Candidate formats: raw HTML, pure Markdown files, pure MDX files, a fully
custom block-JSON format (Notion-style), or a hybrid.
## Decision
Adopt the **hybrid format specified in `03-content-format.md` and
`docs/schemas/`**: each problem/course version is a **JSON document** whose
structure (metadata, answer spec, hints, solutions, widget references,
prerequisites) is schema-validated, and whose prose fields contain
**restricted MDX** (CommonMark + GFM tables + math + a fixed component
whitelist).
Key rules:
1. **JSON owns structure; MDX owns prose.** Anything the machine must
understand (answer type, tolerance, choice correctness, hint ordering,
widget bindings) is a JSON field — never parsed out of prose.
2. **Restricted MDX, compiled server-side.** The MDX pipeline accepts only
whitelisted components (``, ``, ``,
``, ``, `` …). Unknown JSX, `import`,
`export`, and expression evaluation are **rejected at validation time**,
not silently stripped. Contributor MDX is therefore data, not code.
3. **No raw HTML.** The Markdown pipeline runs with raw HTML disabled;
sanitization is defense-in-depth, not the primary safety mechanism.
4. **`schema_version` on every document**, with explicitly written
migrations between schema versions (stored in the repo, run as Celery
backfills). Old versions are migrated lazily on read and persisted on
next write.
5. **Canonical serialization** (sorted keys, normalized whitespace in MDX)
so version diffs in review are semantic, not cosmetic.
## Alternatives Considered
- **Raw HTML (editor output).** Unvalidatable, ungradable, unsafe,
un-diffable in any meaningful way. Explicitly prohibited by the brief.
Rejected.
- **Pure MDX files (content-as-repo).** Attractive (git-native), but answer
specs in frontmatter are weakly validated, structured queries ("all
numeric problems tagged calculus") require parsing every file, and
letting MDX be *actual code* contradicts the security model. Rejected.
- **Fully custom block JSON (no Markdown).** Maximum machine control, but
hostile to contributors who write Markdown/LaTeX fluently, and it forces
us to build an editor for every prose construct. Rejected.

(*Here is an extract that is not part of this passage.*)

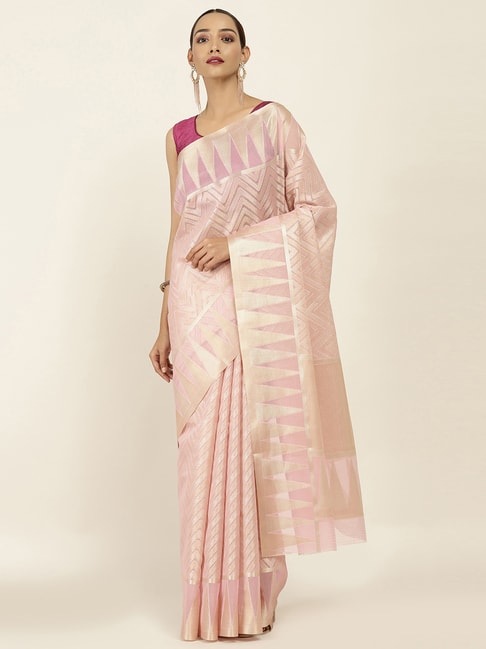 Soch Pink Woven Saree With Unstitched Blouse Price in India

- **Per-field Markdown (no MDX components).** Simpler, but loses typed
figures, widget slots, and callouts; we'd reinvent them as pseudo-syntax.
Rejected.
## Consequences
- ✅ Every version is validatable, diffable, exportable, and gradeable;
reviews can show structured diffs ("tolerance changed 0.01 → 0.05").
- ✅ Server-side MDX compilation with a closed component set eliminates the
contributor-JSX attack surface (widgets get their own sandbox, ADR-0009).
- ⚠️ The editor must round-trip restricted MDX faithfully; TipTap ↔ MDX
serialization is real engineering and owns its own test suite.
- ⚠️ Schema migrations are a permanent maintenance duty; the
`schema_version` discipline and migration test harness are non-optional.
- ⚠️ Authors used to full MDX will hit the whitelist wall; the validator
returns precise, friendly errors listing allowed components.